Health Connect is being integrated into the OS as a new Mainline module that’s updatable through Play System Updates.
The migration plan is as follows:
1) Once users update to Android 14, the Play Store version of Health Connect will become inactive.
2) The Jetpack Health Connect library will route the user to the system (module) APIs and block them while data migration is in progress.
3) The migration process starts when the system and Play Store versions are feature compatible. Both permissions & data will be migrated. The Play Store version may need an update to become “migration aware”, whilst the system version may need one to become “feature compatible”.
4) The migration process will commence. Once it’s happening, the system (module) APIs will be suspended with a “migration in process” status. If this process is suspended, it can be resumed by the user.
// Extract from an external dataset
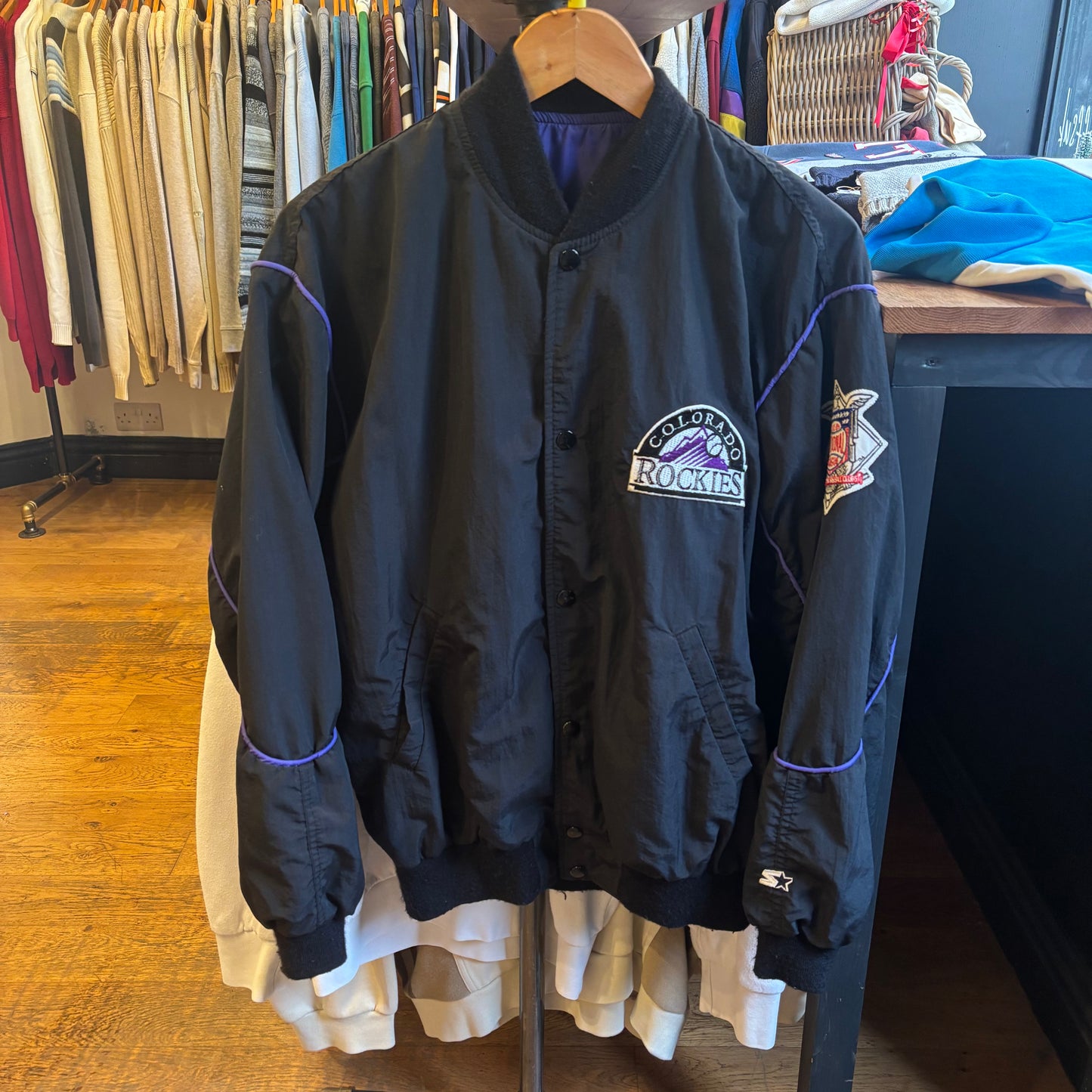 Starter 90s Colorado Rockies Jacket Black (Medium)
Data migration “is not expected to exceed 2 hours.” For example, migrating 10 years of running records collected 1 hour every day would take ~4s. Migrating 5 years of heart rate data collected every minute would take ~15 mins.
During migration, the system version will ignore any duplicate permissions or data originating from the Play Store version, in case it started to acquire data and permissions before any migration or cloud-based restore (not announced!) has taken place.
5) After data migration has completed, the user can uninstall the Play Store version. (On Pixels and the Nothing Phone 2, though, the Play Store version of Health Connect is preinstalled as a system app, so it can’t be uninstalled outside of an OTA update.)
OEMs can create a RRO to style the data management and permissions screens for Health Connect. This should be done to bring the app’s UI in line with the rest of the OEM’s skin.